I had managed to score a ticket for 10:30 departure to Alcatraz on my last day in San Francisco. I was well on time at Pier 33, the departure point. I took a few photos of our departure from the harbor and approach to the island, only to realize my memory card was full. As the card holds almost 6000 photos, this is not something that happens often. In fact, this was the second time on my Grand Adventure, which gives an average of about 6000 photos taken over each 6 week period. That is a lot of photos! Anyway, the best course was to delete the whole memory card, as I had transferred the photos from previous day already on my computer, and start over. As I took over a 1000 photos on Alcatraz, I will have to purge my memory card soon again, I fear. There were baby chicks, I couldn’t help myself!

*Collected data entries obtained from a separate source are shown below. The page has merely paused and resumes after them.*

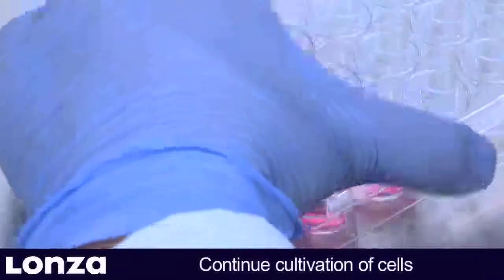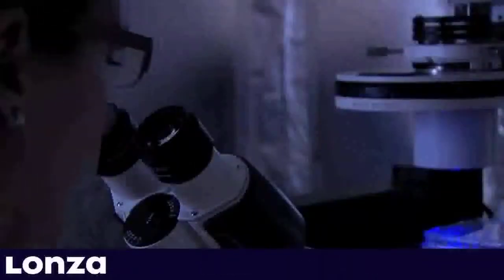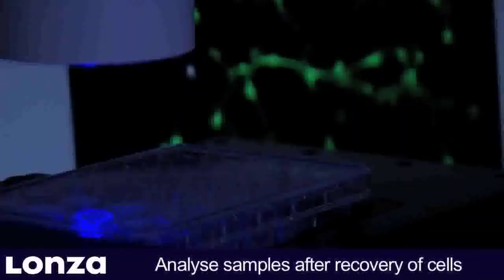Now place the culture plate into the incubator and continue cultivation. Before analyzing the transfected neurons, allow the cells to recover for at least 24 hours.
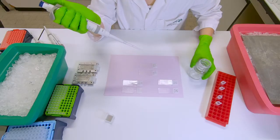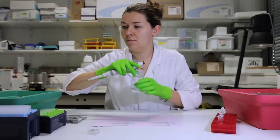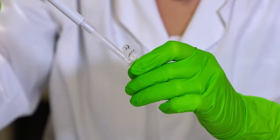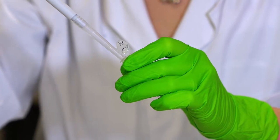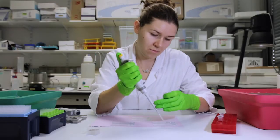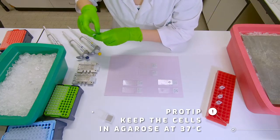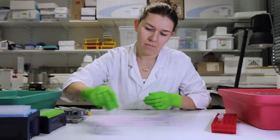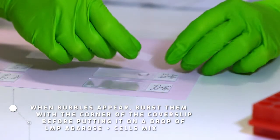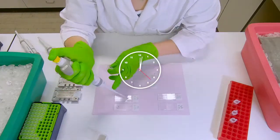Mix the cells with 1% agarose to a final concentration of 0.7%. Then place a drop of 70 microliters of the mix in each of the glass slides, and place the cover slip on top of each drop. Whenever one slide is ready, just transfer it to the cold metal plate to settle the gel, then continue preparing the rest of the slides.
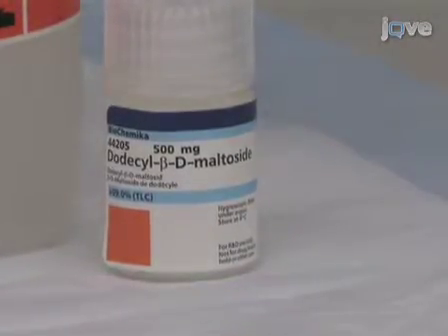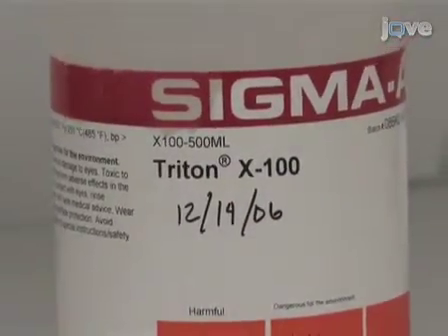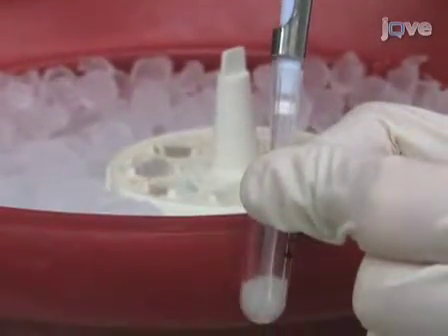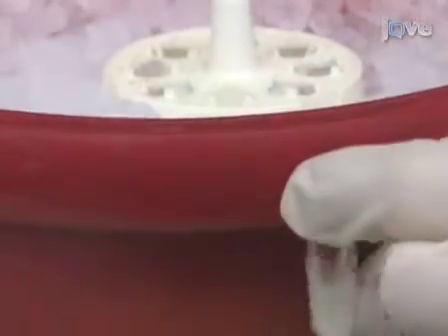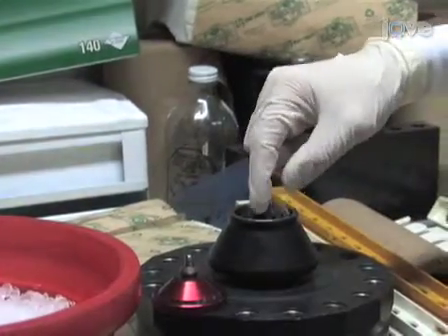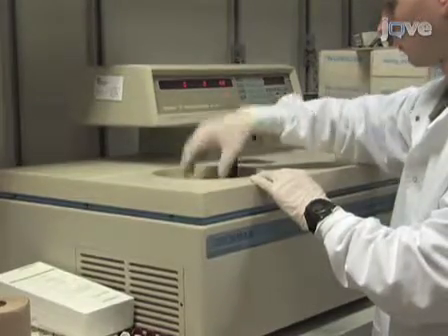Dodecyl beta-D-maltoside, or DDM, or Triton X-100, can be substituted for digitonin to solubilize proteins. The choice of detergent and its quantity may affect the formation of super complexes or multimeric forms of mitochondrial complexes. Following the incubation on ice, and once the pellet has been solubilized, we'll centrifuge it at 100,000 times G for 15 minutes at 4 degrees C.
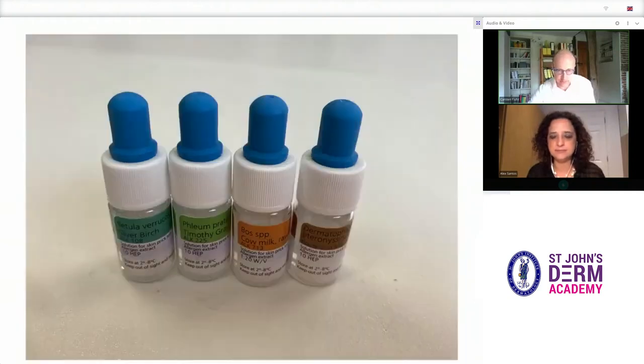Here are some examples of allergen solutions, some of which we're going to use in the demonstration. Standardised solutions to a wide range of allergens are available commercially. For more labile allergens, such as those found in fruits and vegetables, fresh proteins should be used.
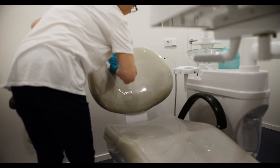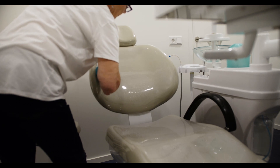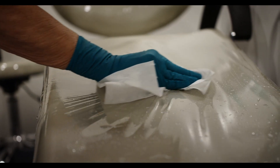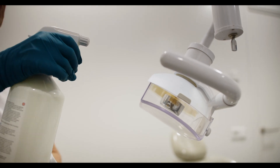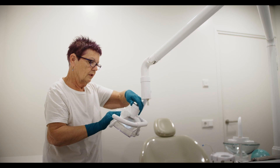LifeClean also leaves no residue or odor and ensures a swift turnover of patients. All surfaces can be sprayed and wiped, including the dental chair. Floor areas can be mopped with LifeClean solution, and mops can be left in a fresh solution to be decontaminated.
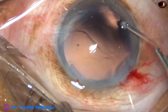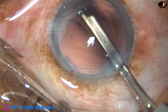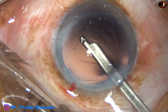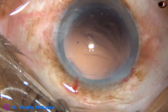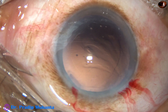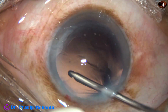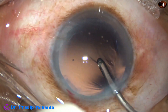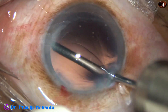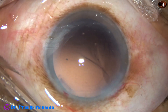The posterior capsule appears clean, but some cells are still sticking to the posterior capsule. So I am going to direct the irrigating jet of fluid towards the posterior capsule, and by sweeping movements the cells are dislodged. We can call it hydro polish.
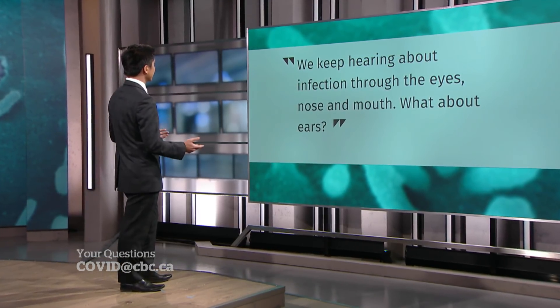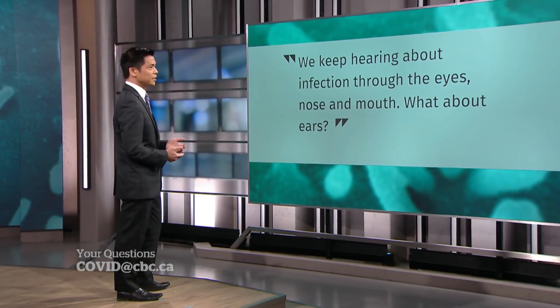We keep hearing about infection through the eyes, nose, and mouth — what about ears? The ears are a mucous membrane, and it could theoretically be possible. But if we were going to make a list of the order of probability of which mucous membrane on the head this virus would enter through, the ears would be last. It's possible, but it would be the least likely.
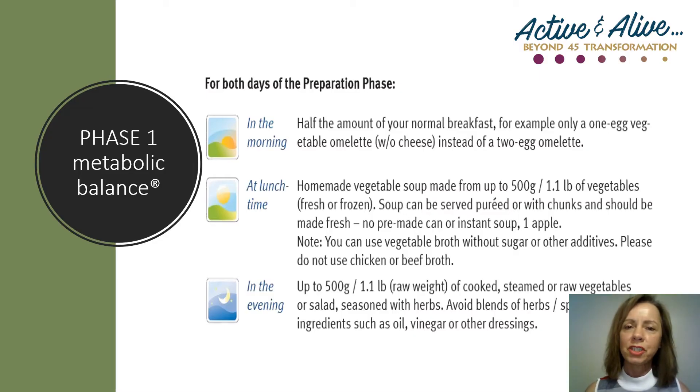Your eating plan includes two options on how to complete phase one. I prefer this option as I find it's a better variety of foods through the day and I also feel it's a healthier cleanse. On day one, when you first get up in the morning, you'll take your choice of cleansing product and wait a half hour to let it clear out of your stomach. Drink water if you wish but don't have anything else. After that half hour, you can eat half the amount of whatever you would normally have for breakfast. So if you'd normally have a two-egg omelet, have a one-egg omelet with only half the vegetables. If you eat two pieces of toast, just have one piece. Notice that the plan says without cheese — cheese is a second protein, and one of the eight rules is to only have one protein at each meal.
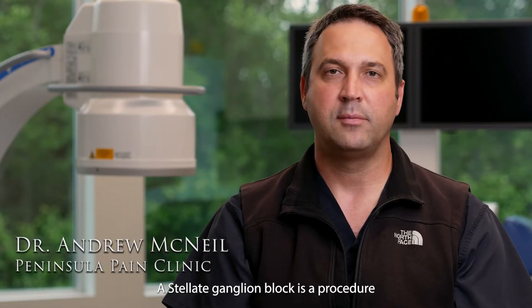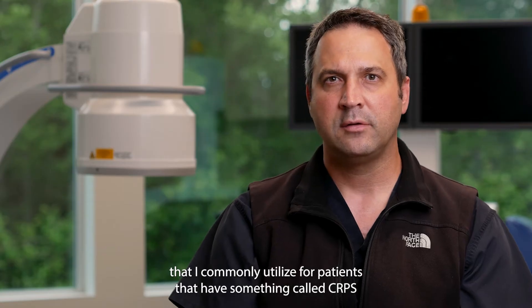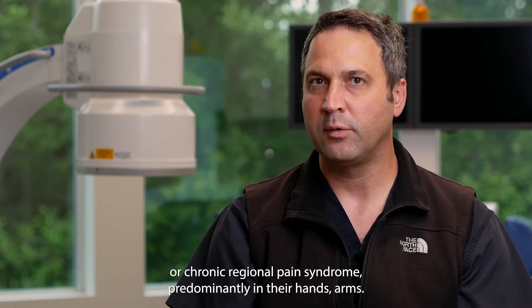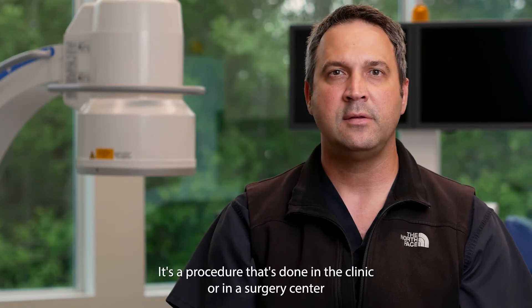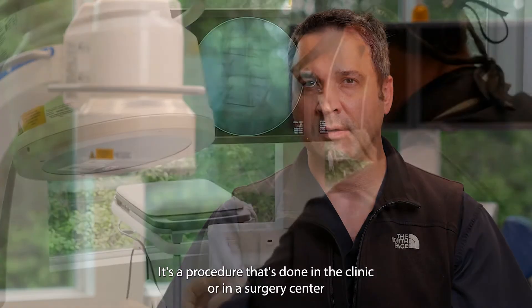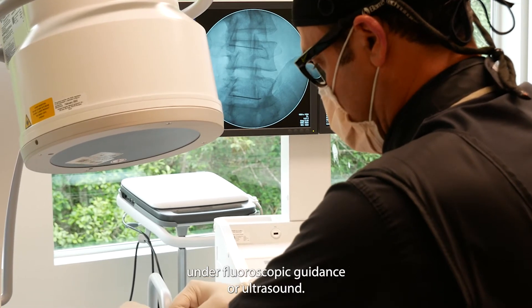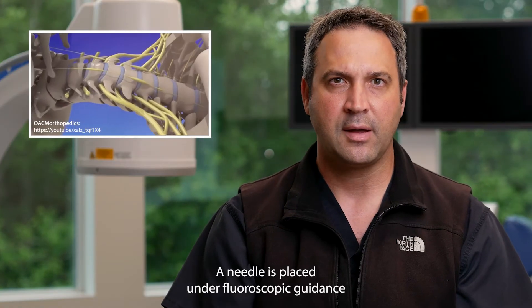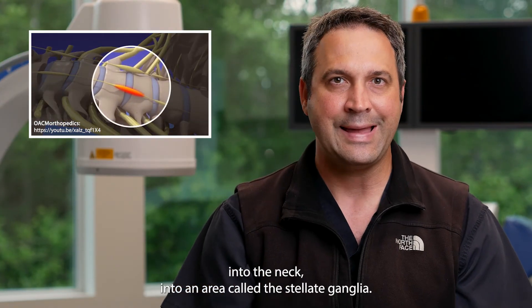A stellate ganglion block is a procedure that I commonly utilize for patients that have something called CRPS, or chronic regional pain syndrome, predominantly in their hands and arms. It's a procedure that's done in the clinic or at a surgery center under fluoroscopic guidance or ultrasound. A needle is placed under fluoroscopic guidance into the neck, into an area called the stellate ganglion.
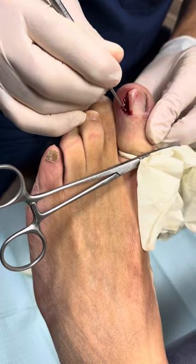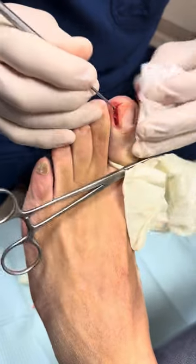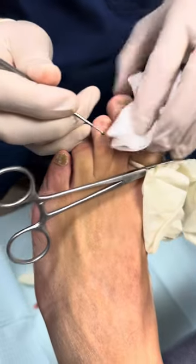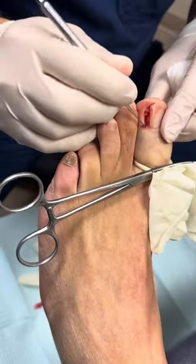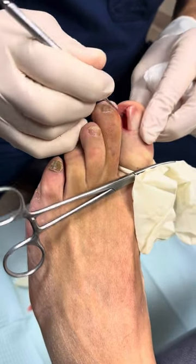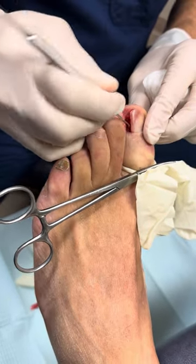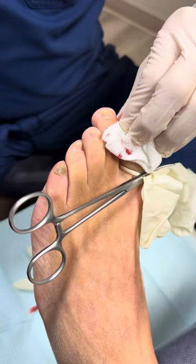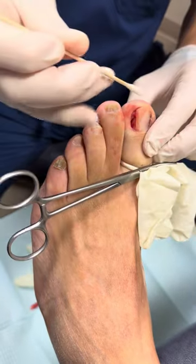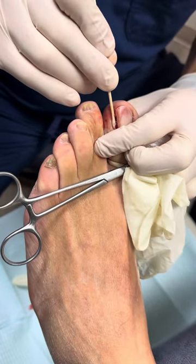Those cells are laid right over what's called the periosteum, which is part of the bone. We're scraping those a little bit, making sure there's no tissue debris in there. Then we're going to put acid under there. What the acid does is it kills the nail matrix — which runs from here back — so that the nail does not continue to grow back. We dip a Q-tip which has 89% phenol on the tip.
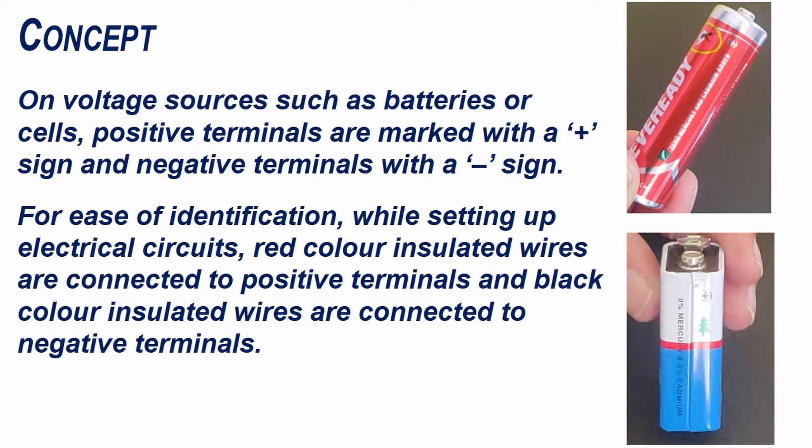On voltage sources such as batteries or cells, positive terminals are marked with a plus sign and negative terminals are marked with a minus sign. For ease of identification while setting up electrical circuits, red color insulated wires are connected to positive terminals and black color insulated wires are connected to negative terminals.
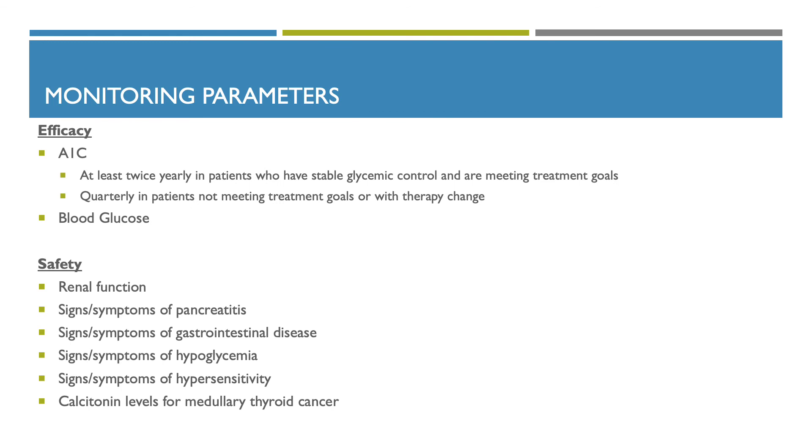Monitoring parameters: for efficacy, monitor A1C at least twice yearly in patients who have stable glycemic control and are meeting treatment goals, or quarterly in patients not meeting treatment goals or with therapy changes, and monitor blood glucose. For safety, monitor renal function, signs and symptoms of pancreatitis, signs and symptoms of gastrointestinal disease, signs and symptoms of hypoglycemia, signs and symptoms of hypersensitivity, and calcitonin levels for medullary thyroid cancer.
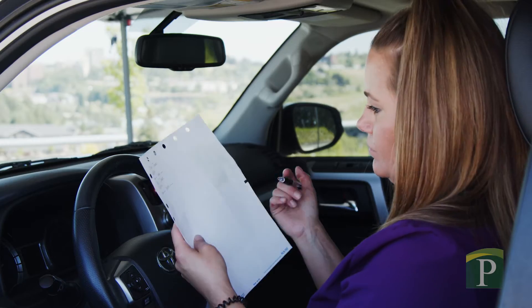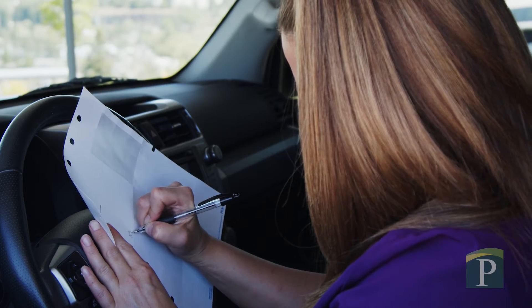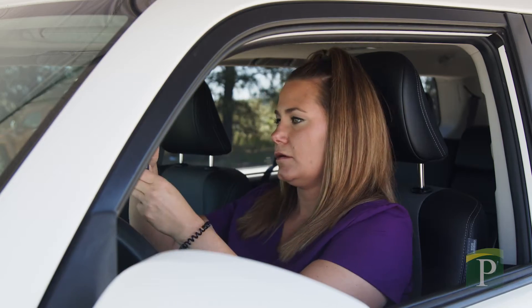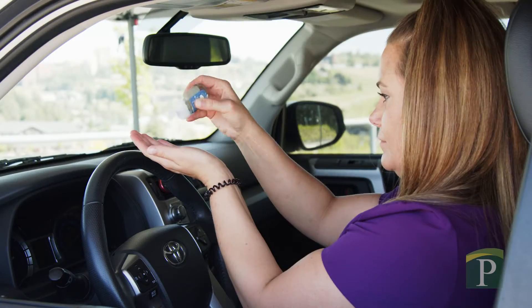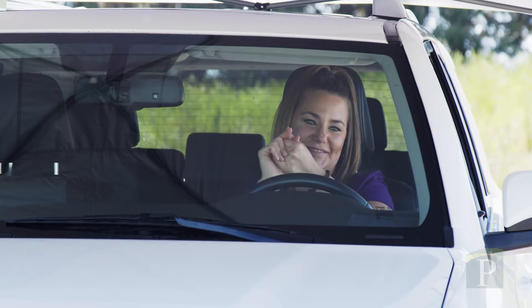First, record the date and time on one of the supplied sticker labels. This will help ensure your test is processed quickly and accurately. Next, take a moment to sanitize your hands. We want to make sure no foreign bacteria comes in contact with the testing materials.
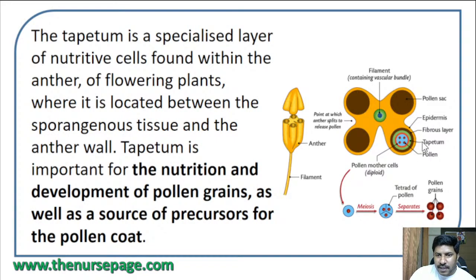Tapetum is one of the inner layers inside the fibrous layer of the anther. The tapetum is a specialized layer of nutritive cells found within the anther of flowering plants, located between the sporogenous tissue and the anther body. Tapetum is important for the nutrition and development of pollen grains, as well as a source of precursors for the pollen coat.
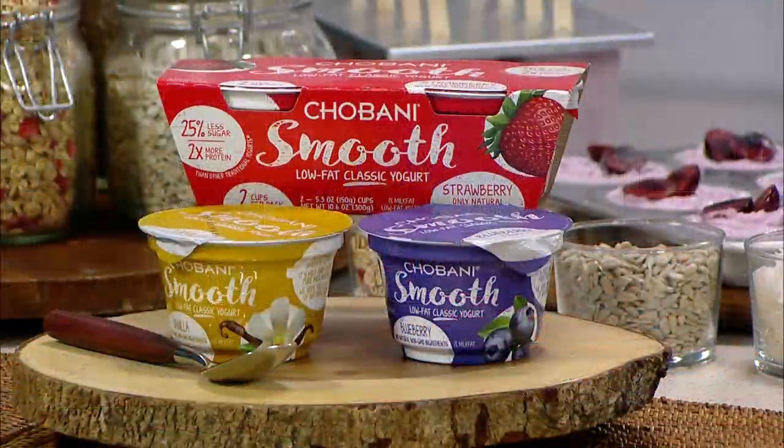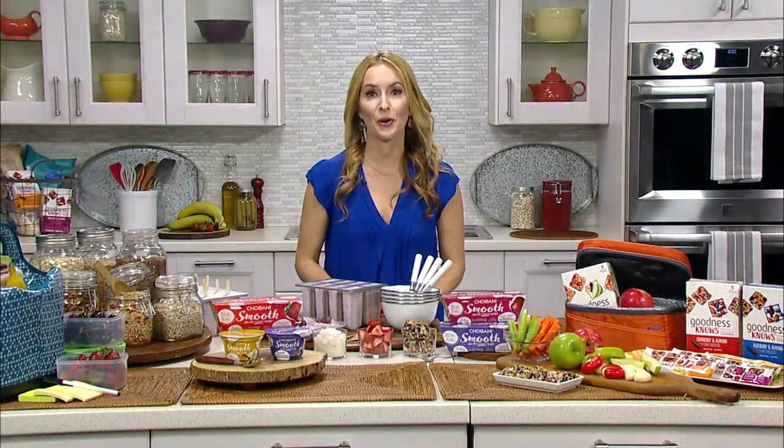Any other things that we can put into these lunches that will make the kids excited? Because you know they'll take it but they won't eat it if it's not the right thing. I look for things that are versatile, that the whole family can enjoy. One thing that's really on my radar right now is Chobani Smooth, which is Chobani's very first non-Greek yogurt. It's a traditional creamy yogurt and it actually has 25% less sugar and twice the protein of a traditional yogurt.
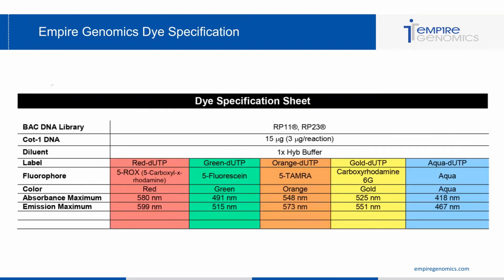Here I've included an Empire Genomics dye specification sheet. This has all the specifications for the dyes used with Empire Genomics probes and will allow you to look for filters that align with those dyes so that you can get the most adequate signal from the probes.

It was another glorious day, bright and sunny. And I found the island breathtaking. Flowers of every imaginable color and shape, snowy egret and seagull chicks. The latter don’t perhaps sound too exciting, but have you ever seen seagull chicks? Me either. They were grey and spotted and fluffy and made the cutest little chirps.
But the real stars of Alcatraz were the snowy egrets. I must have stood there observing, and taking photo after photo, for an hour. I have hundreds of photos to prove it. I think many of them were last year’s chicks, as they still had their parents attention, but several of the adults were clearly sitting in nests, possibly over new eggs. There were some epic fights between two or more of the birds all through the time I spent watching them. Quite spectacular.
Oh, I guess I should mention the prison. You know, the reason I went on the island. The prison was closed in March 1963 as it had become run down and very expensive to run and maintain. The buildings all showed their age and the corrosive impact of the salt air and constant wind.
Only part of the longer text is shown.